[Data excerpts]
+-------+

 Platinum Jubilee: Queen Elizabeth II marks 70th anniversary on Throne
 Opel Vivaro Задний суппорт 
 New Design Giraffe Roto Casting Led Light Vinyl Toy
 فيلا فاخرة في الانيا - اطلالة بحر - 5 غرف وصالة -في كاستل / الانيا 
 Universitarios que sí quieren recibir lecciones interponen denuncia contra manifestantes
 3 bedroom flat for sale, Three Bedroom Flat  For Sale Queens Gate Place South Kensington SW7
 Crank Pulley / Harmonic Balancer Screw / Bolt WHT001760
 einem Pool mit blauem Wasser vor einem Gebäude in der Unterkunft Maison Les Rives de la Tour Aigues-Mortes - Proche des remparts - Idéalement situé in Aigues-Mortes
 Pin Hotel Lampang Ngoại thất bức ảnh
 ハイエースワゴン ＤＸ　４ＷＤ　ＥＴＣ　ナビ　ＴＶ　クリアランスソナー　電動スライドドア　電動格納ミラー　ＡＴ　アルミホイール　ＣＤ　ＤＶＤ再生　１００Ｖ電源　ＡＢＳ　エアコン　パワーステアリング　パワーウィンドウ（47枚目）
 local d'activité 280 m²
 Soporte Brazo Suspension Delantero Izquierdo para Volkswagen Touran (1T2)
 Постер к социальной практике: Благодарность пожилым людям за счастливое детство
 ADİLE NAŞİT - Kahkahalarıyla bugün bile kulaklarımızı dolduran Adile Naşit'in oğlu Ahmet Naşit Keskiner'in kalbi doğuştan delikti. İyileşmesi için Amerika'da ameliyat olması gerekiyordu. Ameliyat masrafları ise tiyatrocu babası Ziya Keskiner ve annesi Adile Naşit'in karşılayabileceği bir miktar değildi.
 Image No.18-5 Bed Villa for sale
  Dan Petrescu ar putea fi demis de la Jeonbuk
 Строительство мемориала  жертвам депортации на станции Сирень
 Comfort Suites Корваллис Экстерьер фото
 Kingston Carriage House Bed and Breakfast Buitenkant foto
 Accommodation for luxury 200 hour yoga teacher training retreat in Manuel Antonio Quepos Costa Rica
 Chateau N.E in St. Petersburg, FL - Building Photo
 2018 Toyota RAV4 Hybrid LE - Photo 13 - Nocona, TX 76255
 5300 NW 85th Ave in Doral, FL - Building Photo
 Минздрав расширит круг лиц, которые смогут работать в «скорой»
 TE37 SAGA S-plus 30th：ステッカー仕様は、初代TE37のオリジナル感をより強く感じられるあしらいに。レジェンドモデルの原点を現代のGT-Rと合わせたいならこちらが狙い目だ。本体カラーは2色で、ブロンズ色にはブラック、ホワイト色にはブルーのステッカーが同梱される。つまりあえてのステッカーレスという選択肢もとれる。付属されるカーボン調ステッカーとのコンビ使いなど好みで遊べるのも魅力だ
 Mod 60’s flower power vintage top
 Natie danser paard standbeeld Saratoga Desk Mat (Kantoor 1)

+-------+

Starting at the first line of the records above, please copy every line exactly through the line containing "Pin Hotel Lampang Ngoại thất bức ảnh", and stop there.

### Exercise response
 Platinum Jubilee: Queen Elizabeth II marks 70th anniversary on Throne
 Opel Vivaro Задний суппорт 
 New Design Giraffe Roto Casting Led Light Vinyl Toy
 فيلا فاخرة في الانيا - اطلالة بحر - 5 غرف وصالة -في كاستل / الانيا 
 Universitarios que sí quieren recibir lecciones interponen denuncia contra manifestantes
 3 bedroom flat for sale, Three Bedroom Flat  For Sale Queens Gate Place South Kensington SW7
 Crank Pulley / Harmonic Balancer Screw / Bolt WHT001760
 einem Pool mit blauem Wasser vor einem Gebäude in der Unterkunft Maison Les Rives de la Tour Aigues-Mortes - Proche des remparts - Idéalement situé in Aigues-Mortes
 Pin Hotel Lampang Ngoại thất bức ảnh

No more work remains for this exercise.